# bummed out...



## Guest (May 20, 2004)

i had to put my cat 'zippy' down this afternoon. it was the hardest thing i have ever had to do. zippy wasn't just a pet, he was a friend- my best friend.. when he became afflicted with palsy, i did everything i could to make things easier on him. in the end, i guess it didn't matter. his condition worsened. today, i was forced to do the humane thing. not an easy decision... i wish it on no one.....

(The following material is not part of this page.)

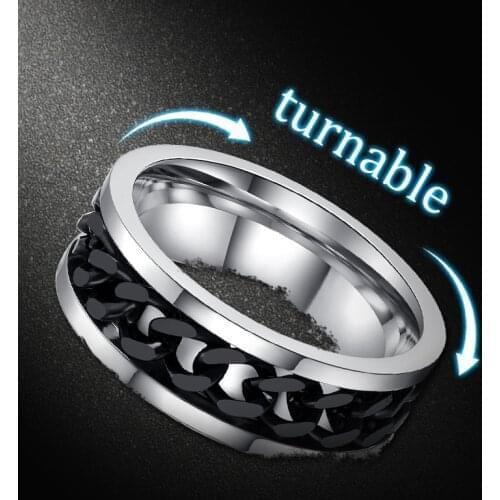 Stainless Steel Rotatable Spinner Black Chain Ring for Men Punk Titanium Steel Metal Finger Jewelry Male Alliance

i will miss you zippy. you were a wonderful companion.


----------



## catnip (Aug 19, 2003)

)))


----------



## BoscosMum (Apr 29, 2004)

I am so sorry for your loss...."Fly with the Angels" Zippy!


----------



## Ioana (Jul 12, 2003)

I am sorry about your loss, Lonnie. 
May Zippy rest in peace


----------



## Aonir (Aug 18, 2003)

Have fun at the bridge, Zippy!


----------



## tanyuh (Jun 7, 2003)

Aww lonnie... *hug*

Try and take comfort in knowing that you did the absolute best you could. He was lucky to have you love him for as long as he did, and he will never be forgotten.


----------



## Lilly (Nov 8, 2003)

I am sorry for your loss Lonnie. I think this would be more appropriate for the Rainbow Bridge..I will move it there for you.


----------



## Jeanie (Jun 18, 2003)

I'm sorry for your loss.


----------



## Guest (May 24, 2004)

i'm so sorry lonnie. i have been in the same position in the not so distant past. there is just something special about cats that makes a choice like yours more difficult. maybe it is that their affection can be so hard won that it becomes more precious.

take care of yourself.


----------



## MA (Mar 30, 2004)

Sorry about the loss of your companion Zippy. Bless you and bless Zippy.


----------



## CatAholic (May 19, 2004)

I am so sorry Lonnie! To end the suffering by your amazing love for Zippy. You must not suffer but know you did a very humane thing. What a blessing that you had him for the time you did and especially that Zippy had you. The Lord created him and blessed you with him, what a gift and a mercy. All beginning and ends are His and you have a memory that is priceless. My husband brought me to an animal shelter the day after my Milo died suddenly, I thought it cruel at first, I didn't want another cat, I wanted Milo, but when I walked into the shelter, (never been to one) there where a whole lot of helpless hopeless eyes looking at me, we took one home it didn't replace Milo but it sure was heart warming to give one of these sweethearts a forever home, in memory of my Milo. We have adopted three more since then, Milo was a huge void to fill but now their is four kittys rescued from shelter. Zippy is not suffering and you did the most loving thing, I feel your pain and I hope you are able to give that love again to a kitty that would adore a love as yours,priceless. Susie


----------



## wookie130 (Feb 1, 2004)

Poor Zippy! You really did what you felt was right, and Zippy's finally in a place where he can be forever young and healthy. I'm so sorry for your loss...it's something that is faced by all of us at one point or another.


----------



## ShellyBear (May 24, 2004)

I am sorry. I know how you feel. Everyday I tell my self its better this way, and it really is.
Have fun Zippy.


----------